══ Data excerpts

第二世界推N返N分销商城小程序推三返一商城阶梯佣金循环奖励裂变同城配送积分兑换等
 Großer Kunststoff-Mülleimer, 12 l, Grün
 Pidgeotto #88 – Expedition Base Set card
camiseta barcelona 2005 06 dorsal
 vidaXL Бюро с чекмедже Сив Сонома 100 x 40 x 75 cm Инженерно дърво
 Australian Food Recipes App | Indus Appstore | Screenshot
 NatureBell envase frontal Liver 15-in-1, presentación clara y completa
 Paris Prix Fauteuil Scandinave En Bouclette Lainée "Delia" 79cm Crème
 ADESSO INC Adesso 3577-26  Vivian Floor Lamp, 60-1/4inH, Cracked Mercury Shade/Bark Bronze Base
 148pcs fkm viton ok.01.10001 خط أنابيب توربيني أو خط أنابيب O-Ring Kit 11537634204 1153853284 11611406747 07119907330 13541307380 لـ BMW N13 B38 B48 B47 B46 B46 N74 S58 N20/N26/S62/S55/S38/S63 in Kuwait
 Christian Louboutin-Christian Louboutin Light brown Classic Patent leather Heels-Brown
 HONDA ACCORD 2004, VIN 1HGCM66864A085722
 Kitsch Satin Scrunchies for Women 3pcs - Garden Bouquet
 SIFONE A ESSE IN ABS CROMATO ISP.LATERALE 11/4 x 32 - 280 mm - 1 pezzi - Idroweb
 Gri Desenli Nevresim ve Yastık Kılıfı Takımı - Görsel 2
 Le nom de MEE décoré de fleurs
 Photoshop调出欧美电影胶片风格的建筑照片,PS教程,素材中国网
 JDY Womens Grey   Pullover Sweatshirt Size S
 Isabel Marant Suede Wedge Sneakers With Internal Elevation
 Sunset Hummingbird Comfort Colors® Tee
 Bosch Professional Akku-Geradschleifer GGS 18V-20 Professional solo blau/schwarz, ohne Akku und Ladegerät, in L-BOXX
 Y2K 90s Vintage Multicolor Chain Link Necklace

════

- _Your task_
All lines in the listing above from the line containing "Paris Prix Fauteuil" to the line containing "Bosch Professional Akku-Geradschleifer", inclusive, should be retyped exactly; no other lines should appear.

- _Response_
 Paris Prix Fauteuil Scandinave En Bouclette Lainée "Delia" 79cm Crème
 ADESSO INC Adesso 3577-26  Vivian Floor Lamp, 60-1/4inH, Cracked Mercury Shade/Bark Bronze Base
 148pcs fkm viton ok.01.10001 خط أنابيب توربيني أو خط أنابيب O-Ring Kit 11537634204 1153853284 11611406747 07119907330 13541307380 لـ BMW N13 B38 B48 B47 B46 B46 N74 S58 N20/N26/S62/S55/S38/S63 in Kuwait
 Christian Louboutin-Christian Louboutin Light brown Classic Patent leather Heels-Brown
 HONDA ACCORD 2004, VIN 1HGCM66864A085722
 Kitsch Satin Scrunchies for Women 3pcs - Garden Bouquet
 SIFONE A ESSE IN ABS CROMATO ISP.LATERALE 11/4 x 32 - 280 mm - 1 pezzi - Idroweb
 Gri Desenli Nevresim ve Yastık Kılıfı Takımı - Görsel 2
 Le nom de MEE décoré de fleurs
 Photoshop调出欧美电影胶片风格的建筑照片,PS教程,素材中国网
 JDY Womens Grey   Pullover Sweatshirt Size S
 Isabel Marant Suede Wedge Sneakers With Internal Elevation
 Sunset Hummingbird Comfort Colors® Tee
 Bosch Professional Akku-Geradschleifer GGS 18V-20 Professional solo blau/schwarz, ohne Akku und Ladegerät, in L-BOXX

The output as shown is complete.